Lantas dia sendiri menjawab ringan, “Pak, saya anaknya MS (nama ayahandanya sengaja saya buat inisial untuk kepentingan menjaga perasaan anak tersebut), yang sekarang sedang ramai dibicarakan di TV, bapak saya berurusan dengan KPK Pak saat ini.” Sambil bergetar bibirnya mengucapkan kalimat kejujuran ini. Demi Tuhan, saya sangat kaget mendengar kejujuran, keberanian dan kepolosan anak muda ini. Sebelum dia berkata-kata lebih panjang saya bertanya, “Kenapa kamu jujur cerita ke saya bahwa kamu adalah anak kandungnya MS yang ditetapkan tersangka oleh KPK saat ini, apa tujuan kamu, kamu ga malu dan kenapa ke saya ceritanya padahal kita baru kenal dan bukan siapa-siapa kamu?” Berondongan pertanyaan rasa penasaran ini langsung saya tanyakan, hati kecilpun terus bergumam, kenapa? Dan jawaban anak baik ini seperti berikut, “Karena Bapak mengerti hukum dan politik dan karena saya yakin Bapak bisa memberikan nasihat untuk saya!”
Sebagai seorang guru saya masih ingat sebuah ayat dalam Kitab Al-Quran yang kurang lebih maknanya, “Janganlah kalian berlaku tidak adil kepada suatu kaum dikarenakan kalian tidak suka terhadap mereka!” Saya berusaha tetap bijak kepada anak ini.
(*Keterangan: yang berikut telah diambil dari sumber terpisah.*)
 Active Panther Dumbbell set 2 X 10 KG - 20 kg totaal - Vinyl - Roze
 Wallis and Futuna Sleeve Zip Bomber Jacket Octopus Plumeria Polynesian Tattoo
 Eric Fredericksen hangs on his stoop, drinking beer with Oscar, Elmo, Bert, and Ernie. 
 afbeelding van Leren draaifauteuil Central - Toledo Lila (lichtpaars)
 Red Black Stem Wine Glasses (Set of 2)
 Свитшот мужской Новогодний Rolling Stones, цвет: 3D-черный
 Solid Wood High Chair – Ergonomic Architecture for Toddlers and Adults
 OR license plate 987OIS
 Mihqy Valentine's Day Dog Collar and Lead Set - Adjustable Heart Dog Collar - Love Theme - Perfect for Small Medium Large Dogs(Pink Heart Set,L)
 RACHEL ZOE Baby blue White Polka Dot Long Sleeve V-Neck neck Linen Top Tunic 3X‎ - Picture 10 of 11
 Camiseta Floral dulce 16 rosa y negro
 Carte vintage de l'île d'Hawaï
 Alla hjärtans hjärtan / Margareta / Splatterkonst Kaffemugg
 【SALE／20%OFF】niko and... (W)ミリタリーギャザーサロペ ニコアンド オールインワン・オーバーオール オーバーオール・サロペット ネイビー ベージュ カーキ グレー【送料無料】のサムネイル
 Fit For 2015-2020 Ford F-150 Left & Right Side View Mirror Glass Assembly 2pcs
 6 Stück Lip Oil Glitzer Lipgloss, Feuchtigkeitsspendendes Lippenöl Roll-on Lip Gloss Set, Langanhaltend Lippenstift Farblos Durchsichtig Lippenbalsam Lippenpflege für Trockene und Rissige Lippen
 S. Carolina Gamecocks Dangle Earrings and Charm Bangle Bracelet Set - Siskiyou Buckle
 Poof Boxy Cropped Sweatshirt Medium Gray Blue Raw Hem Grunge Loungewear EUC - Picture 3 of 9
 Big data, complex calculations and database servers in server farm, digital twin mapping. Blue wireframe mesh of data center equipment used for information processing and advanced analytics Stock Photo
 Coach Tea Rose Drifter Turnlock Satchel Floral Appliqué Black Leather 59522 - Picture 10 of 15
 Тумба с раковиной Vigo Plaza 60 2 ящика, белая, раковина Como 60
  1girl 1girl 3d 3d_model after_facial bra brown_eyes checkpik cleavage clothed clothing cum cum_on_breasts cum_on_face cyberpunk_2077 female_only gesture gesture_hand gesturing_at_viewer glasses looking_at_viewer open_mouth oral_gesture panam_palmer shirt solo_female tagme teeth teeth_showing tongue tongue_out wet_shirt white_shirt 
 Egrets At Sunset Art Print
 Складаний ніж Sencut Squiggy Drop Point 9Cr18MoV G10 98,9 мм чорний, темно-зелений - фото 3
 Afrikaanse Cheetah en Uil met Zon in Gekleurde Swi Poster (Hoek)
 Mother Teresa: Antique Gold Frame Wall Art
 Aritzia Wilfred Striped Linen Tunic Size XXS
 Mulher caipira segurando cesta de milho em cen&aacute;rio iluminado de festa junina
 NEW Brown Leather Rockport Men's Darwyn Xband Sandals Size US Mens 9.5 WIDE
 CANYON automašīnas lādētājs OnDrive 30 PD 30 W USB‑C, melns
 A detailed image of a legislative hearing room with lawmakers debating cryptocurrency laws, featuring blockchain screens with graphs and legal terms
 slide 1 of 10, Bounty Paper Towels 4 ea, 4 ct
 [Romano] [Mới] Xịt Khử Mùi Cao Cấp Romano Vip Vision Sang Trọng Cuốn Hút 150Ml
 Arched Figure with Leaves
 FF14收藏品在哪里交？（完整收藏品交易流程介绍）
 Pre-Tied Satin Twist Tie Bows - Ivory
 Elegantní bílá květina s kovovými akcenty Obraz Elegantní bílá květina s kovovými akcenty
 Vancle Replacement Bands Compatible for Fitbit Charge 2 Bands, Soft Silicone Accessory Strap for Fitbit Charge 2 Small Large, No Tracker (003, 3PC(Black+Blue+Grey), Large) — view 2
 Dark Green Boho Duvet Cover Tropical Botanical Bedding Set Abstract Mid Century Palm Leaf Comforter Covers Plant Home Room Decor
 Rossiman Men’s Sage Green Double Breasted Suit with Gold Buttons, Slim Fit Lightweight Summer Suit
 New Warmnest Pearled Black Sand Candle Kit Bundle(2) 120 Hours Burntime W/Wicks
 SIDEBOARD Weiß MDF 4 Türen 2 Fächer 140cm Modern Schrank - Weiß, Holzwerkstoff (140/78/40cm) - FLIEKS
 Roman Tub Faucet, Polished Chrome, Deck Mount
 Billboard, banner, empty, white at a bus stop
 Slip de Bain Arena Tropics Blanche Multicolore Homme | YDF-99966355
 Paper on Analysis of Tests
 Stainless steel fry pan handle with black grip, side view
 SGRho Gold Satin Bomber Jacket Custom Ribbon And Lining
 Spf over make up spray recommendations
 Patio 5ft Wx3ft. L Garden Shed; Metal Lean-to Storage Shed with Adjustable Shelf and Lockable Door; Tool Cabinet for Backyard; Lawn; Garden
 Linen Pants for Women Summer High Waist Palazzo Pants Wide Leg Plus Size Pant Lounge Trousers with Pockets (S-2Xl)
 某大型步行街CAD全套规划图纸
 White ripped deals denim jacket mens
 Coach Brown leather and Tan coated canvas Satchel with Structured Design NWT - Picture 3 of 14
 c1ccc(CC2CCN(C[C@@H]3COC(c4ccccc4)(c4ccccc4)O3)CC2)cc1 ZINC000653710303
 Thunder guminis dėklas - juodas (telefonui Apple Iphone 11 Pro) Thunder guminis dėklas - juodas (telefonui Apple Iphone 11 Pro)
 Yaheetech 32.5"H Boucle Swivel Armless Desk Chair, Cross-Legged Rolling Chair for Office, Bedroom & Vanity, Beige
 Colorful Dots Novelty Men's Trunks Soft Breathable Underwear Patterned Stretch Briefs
Saya hargai kejujuran dan keberaniannya. Perbuatan ayahnya yang kita musuhi, bukan orangnya. Seperti yang Sutan Sjahrir pernah katakan dulu bahwa, “Bukan Belanda yang saya benci, tetapi kolonialisme dan imperialismenya-lah yang menjadi musuh saya.” Begitulah wajah humanisme universal yang patut kita renungkan dari seorang Bung Kecil.
Walaupun ayahandanya ditetapkan tersangka korupsi oleh KPK tapi toh itu adalah perbuatan ayahnya, dan dalam hukum formal di republik inipun berlaku asas persumption of innocent. Kalimat tersebut keluar juga dari mulutnya dengan jujur dan berani, “Pak, walaupun ayah saya tersangka, tapi kan dia tetap ayah saya, walaupun orang ramai ngomongin dia dan dihukum oleh opini masyarakat dan media, toh statusnya masih tersangka, belum diputuskan oleh hakim!” Begitu ucapannya dengan nada kesal dan resisten. Tapi saya sangat maklumi karena bagaimanapun si anak tetaplah anak, yang punya hati dan sayang kepada ayahnya, betapapun ayahnya telah “dihukum” oleh opini di masyarakat.